§ **Task instructions**:
Output, exactly and with no pictures, the line that contains "image for item" and every line that comes after it in the data below, the last one included.

§ **Stored data**:
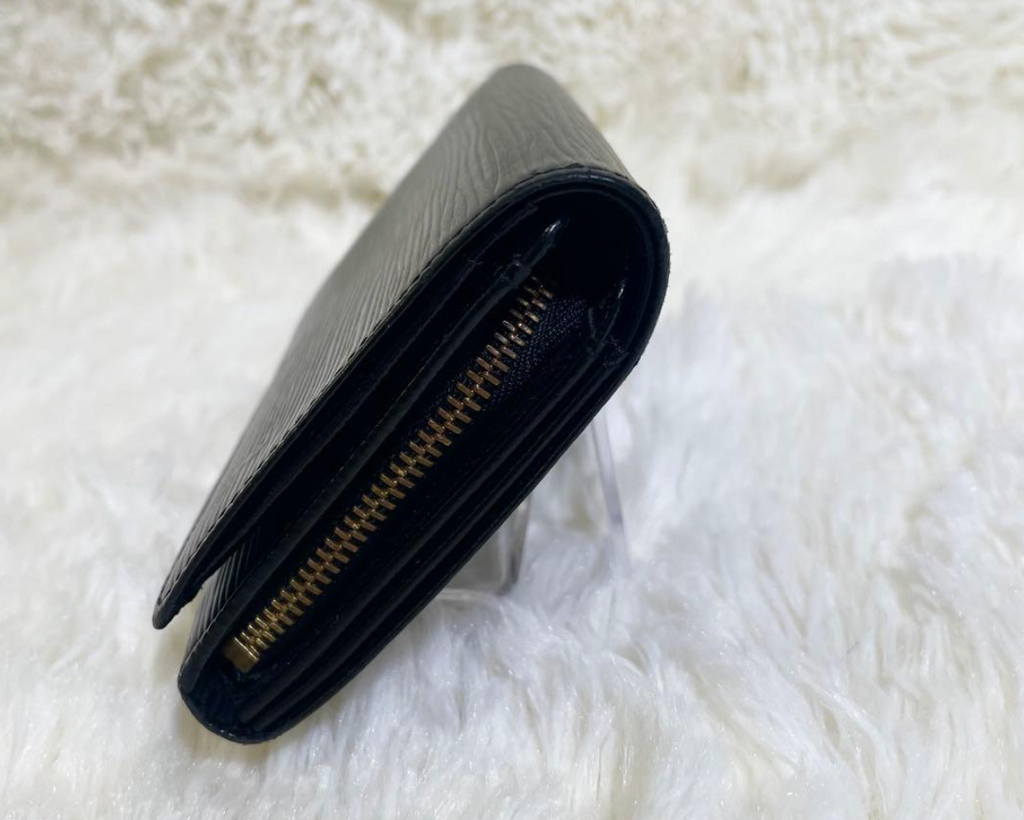 Louis Vuitton Portefeuille Épi Noir M63972 – Cuir – Format Long – Bon État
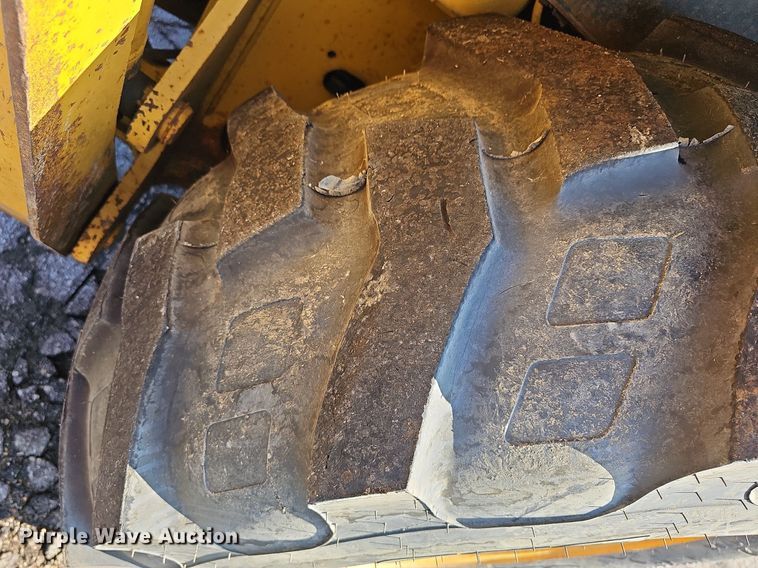 image for item DN8706 2005 John Deere 310G  backhoe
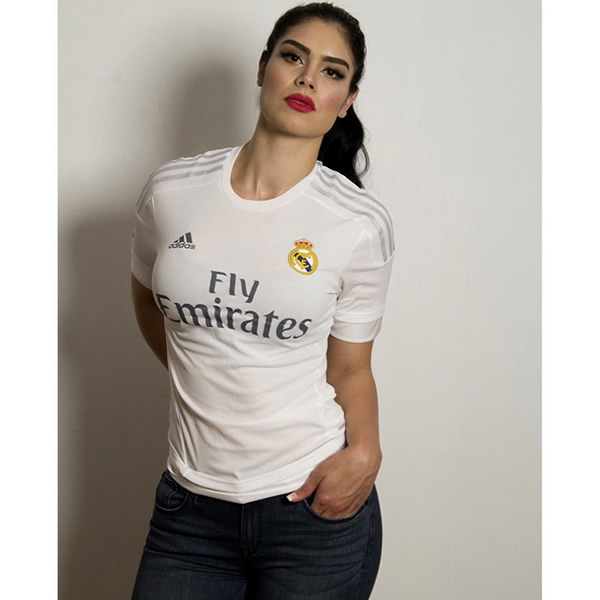 Paola Salcedo, belleza rojiblanca en el Clásico.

§ **Completed task**:
 image for item DN8706 2005 John Deere 310G  backhoe
 Paola Salcedo, belleza rojiblanca en el Clásico.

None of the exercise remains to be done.